Task instructions – Write out the data below exactly as given, without any of its pictures.

─── Stored data

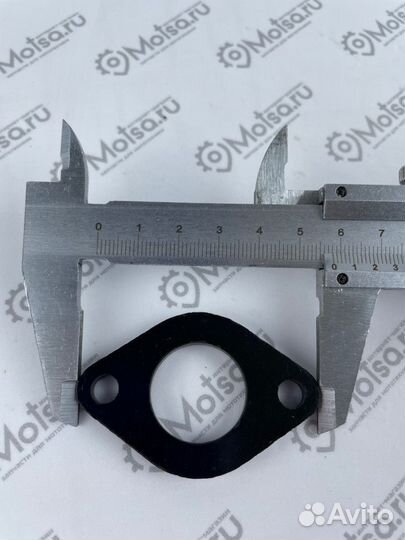 Проставка патрубка карбюратора (между патрубком и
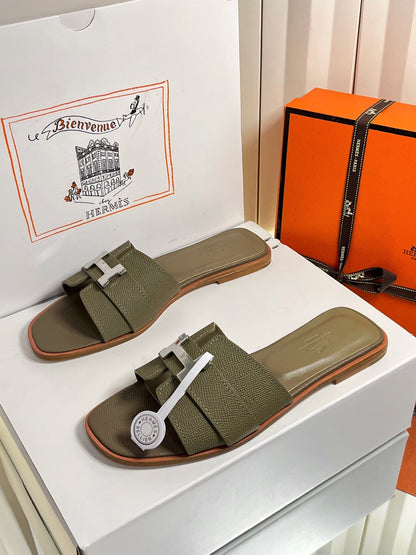 HM 26S ORAN SANDALS IN OLIVE BROWN EPSOM CALFSKIN SILVER HARDWARE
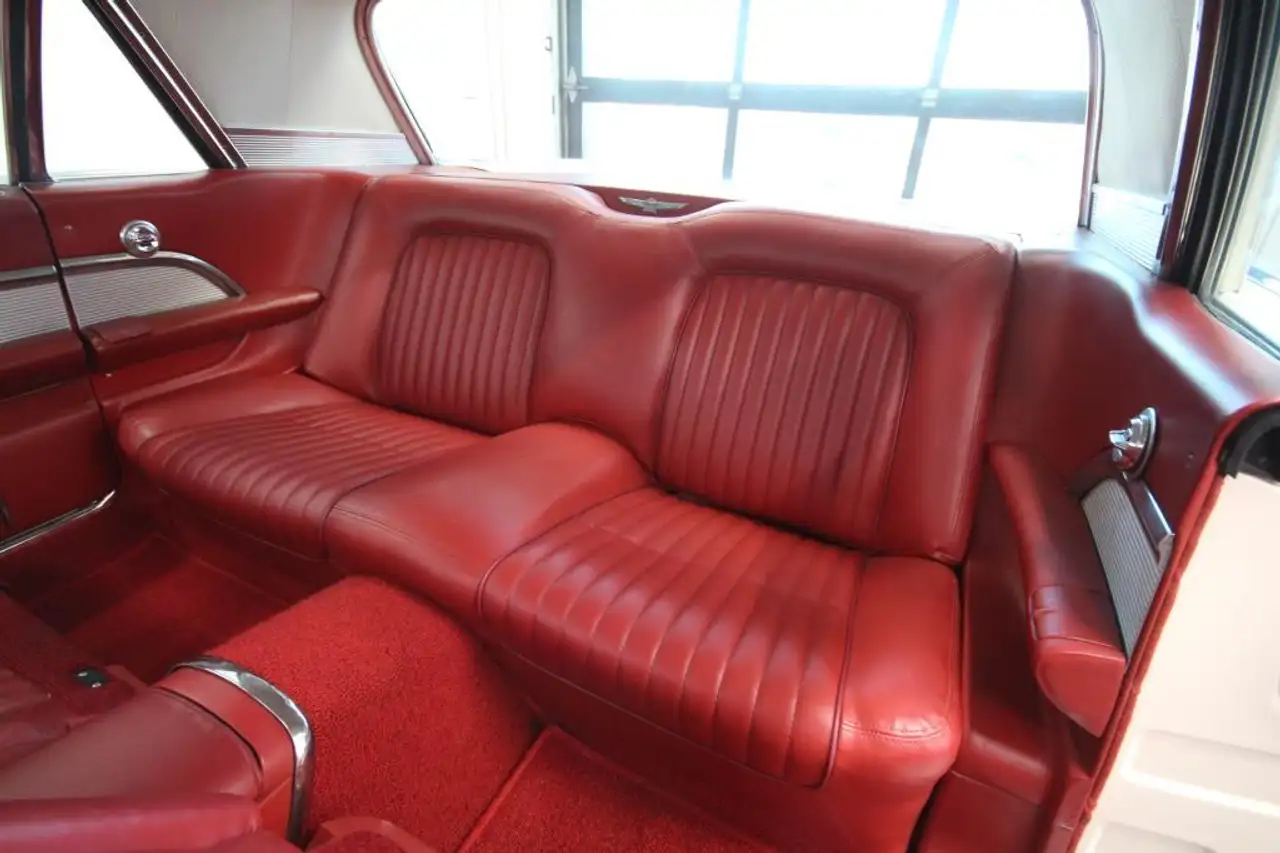 Ford Thunderbird снимка Ford Thunderbird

──────

Finished task –
 Проставка патрубка карбюратора (между патрубком и
 HM 26S ORAN SANDALS IN OLIVE BROWN EPSOM CALFSKIN SILVER HARDWARE
 Ford Thunderbird снимка Ford Thunderbird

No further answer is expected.